■ Dataset content ■
○ ○ ○ ○ ○ ○ ○

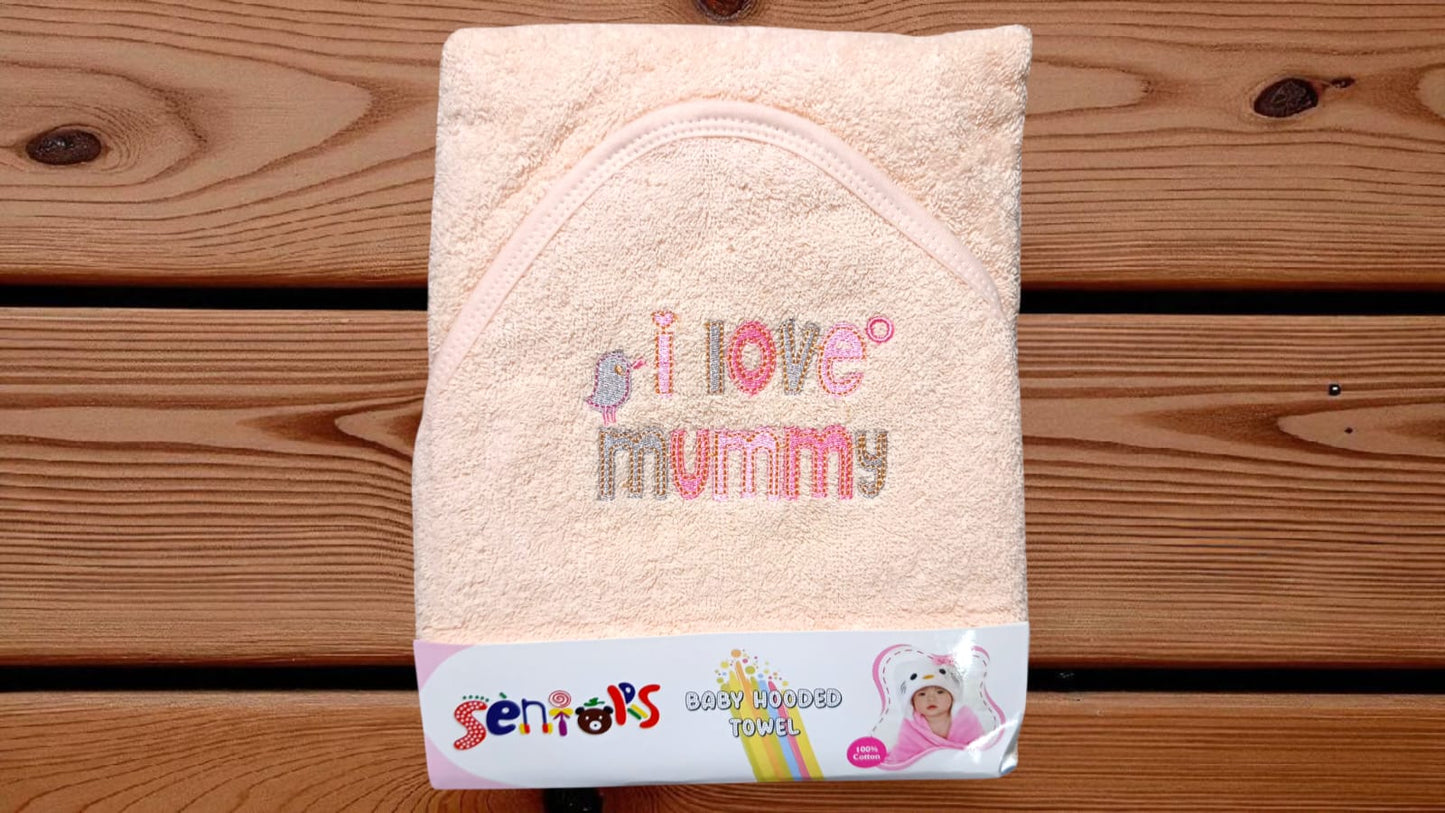 New Born baby Wrapping Towel I love Mummy Peach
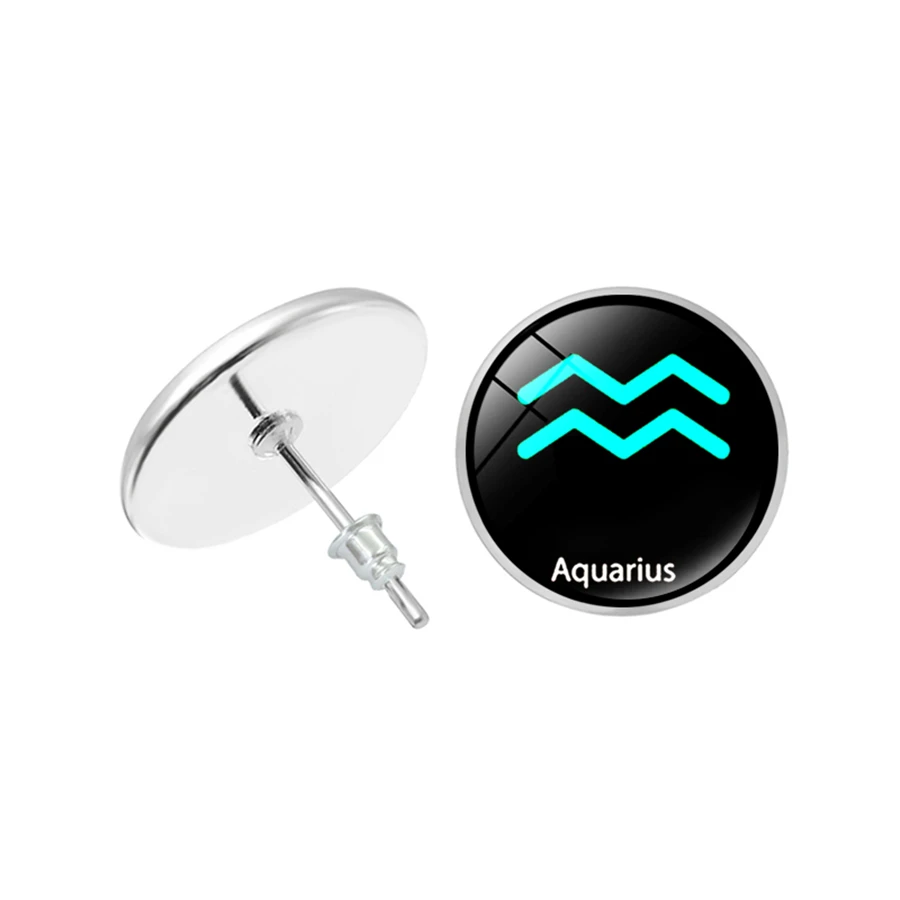 12 знаков зодиака двенадцать серьги с созвездиями стеклянные кабошон гвоздики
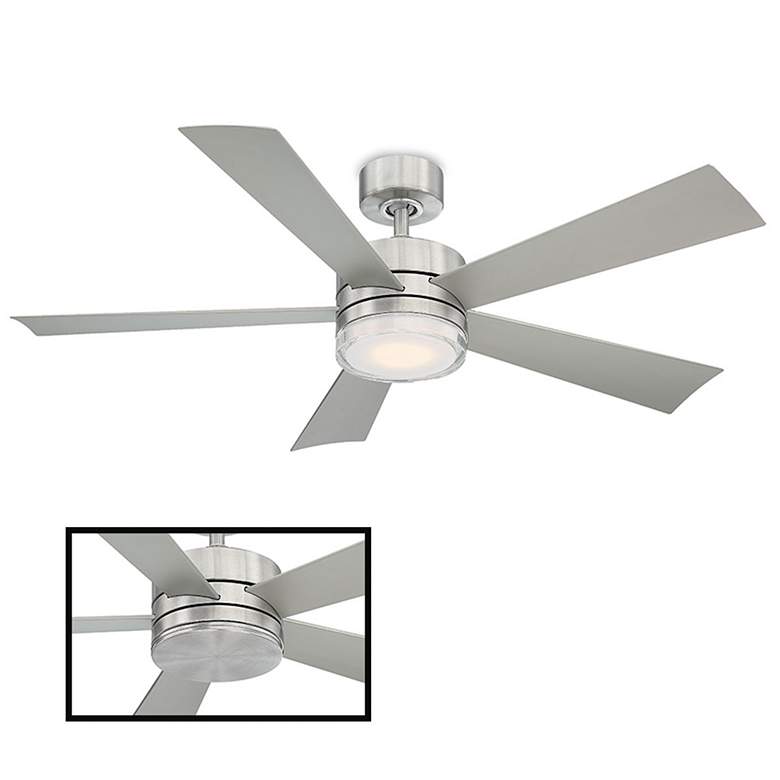 Image 4 52" Modern Forms Wynd Stainless Steel LED Smart Ceiling Fan more views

○ ○ ○ ○ ○ ○ ○

■ Your task ■
The reply has to reproduce every line above verbatim and contain no pictures.

■ Written answer ■
 New Born baby Wrapping Towel I love Mummy Peach
 12 знаков зодиака двенадцать серьги с созвездиями стеклянные кабошон гвоздики
 Image 4 52" Modern Forms Wynd Stainless Steel LED Smart Ceiling Fan more views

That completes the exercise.